On to audio upgrades now.........

Got to get rid of the "Blowpunkt" and figured a speaker upgrade is in order as well. Man that stock unit is horrible.

Can anyone tell me the exact # of speakers and their locations in the 04's? I think there are 10 but am not sure. I'm thinking of MB Qarts all around for speakers and a smallish sub in the spare wheel well.

Also, any suggestions on a head unit? I had a Pioneer Premier Series in my GP GT before I traded it in and loved it. I'm thinking of getting another but figured I'd solicit some opinions from my fellow GTO brothers. Also any suggestions on amp location? I think an eight channel JL audio amp will be making it's way into the 'Goat. I don't want to give up anymore of the limited trunk space to audio upgrades if I can help it.

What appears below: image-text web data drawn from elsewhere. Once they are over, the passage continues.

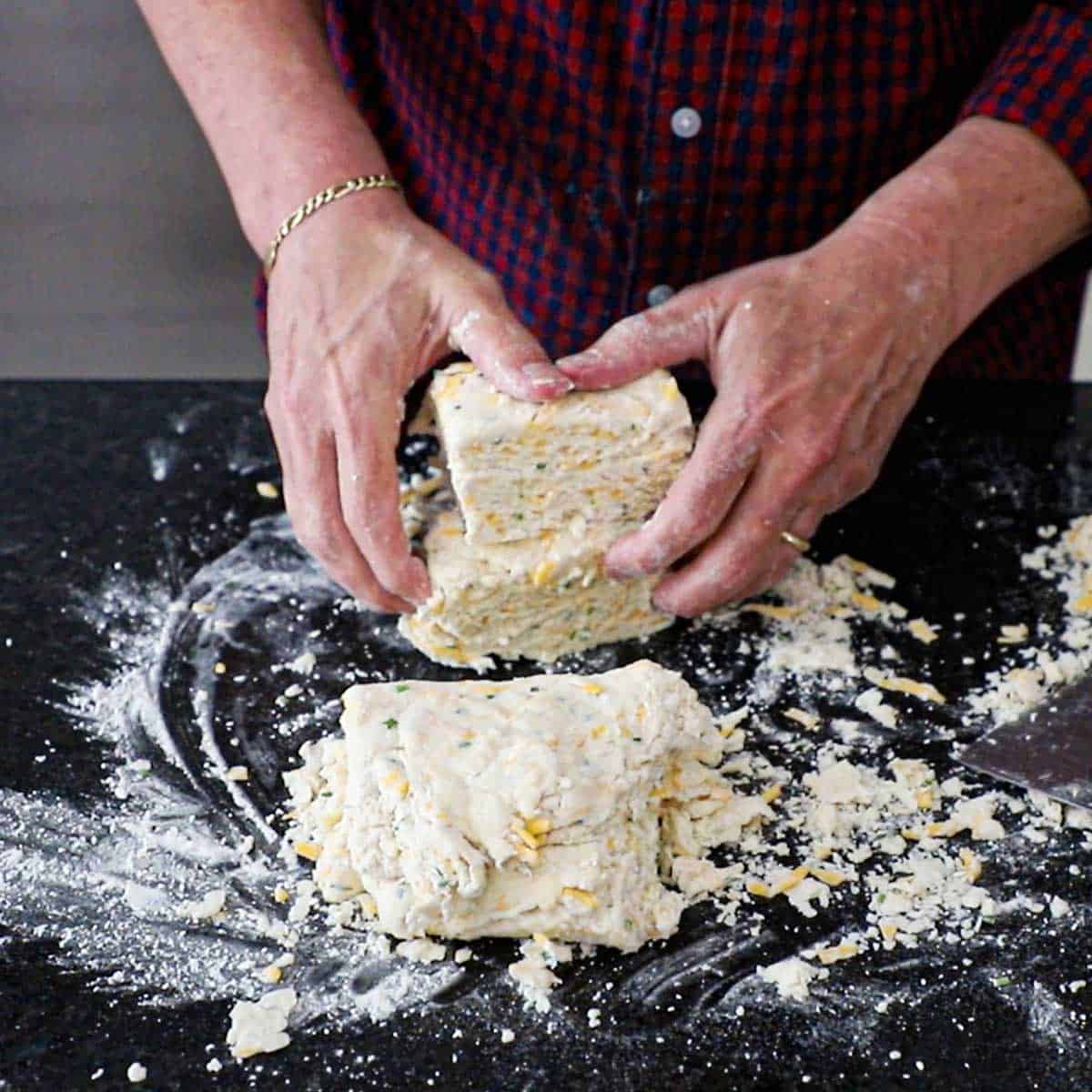 A person using his hands to stack to squares of uncooked flaky cheddar biscuit dough on a floured marble counter.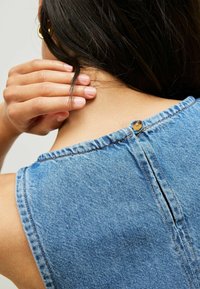 Ärmelloses Denim-Oberteil mit Rundhalsausschnitt, ausgestattet mit einer Knopfverschluss auf der Rückseite und einem leichten Schlitz, akzentuiert durch kontrastierende Nähte.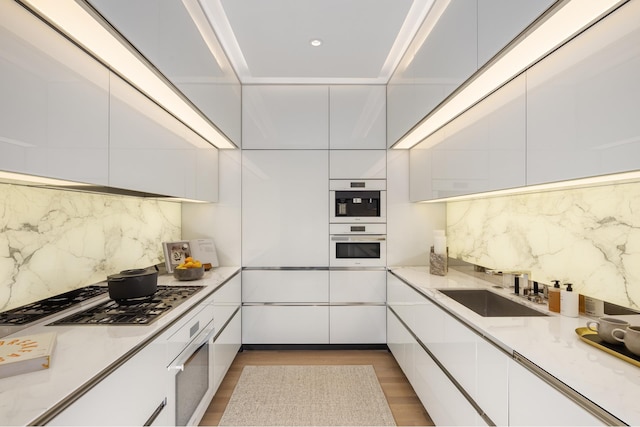 53 W 53rd St Unit 16F, New York City, NY 10019 - kitchen featuring modern cabinets, stainless steel gas cooktop, and white cabinetry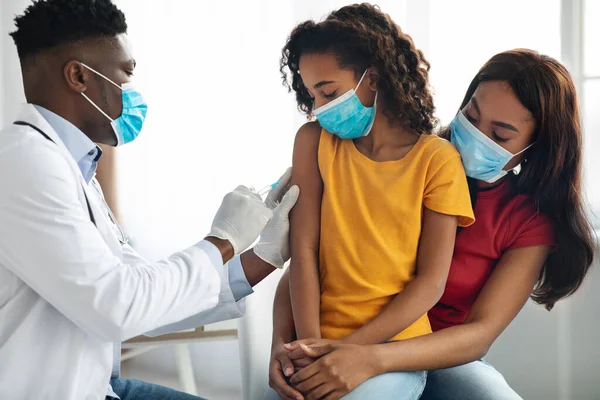 Afrikaanse Amerikaanse arts maakt vaccinatie in schouder voor kind — Stockfoto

Any feedback / suggestions / recommendations would be greatly appreciated.

Thanks!!!!


----------



## EEZ GOAT (Jul 9, 2005)

sith31 said:


> Hello,
> 
> On to audio upgrades now.........
> 
> ...


i :agree it do suck. i have read that the amp is in the truck( driver side) behind the carpet up top.


----------



## YouHolden? (Jun 29, 2005)

I actually have a part 2 to that question.
Are the speakers limited by the amp/ head unit or vice versa?
When I tried turning up the amp all the way, and turning up the bass, I had some problems with the speakers, but for all I know about sound systems that could have been because of the head unit. What needs to go first?


----------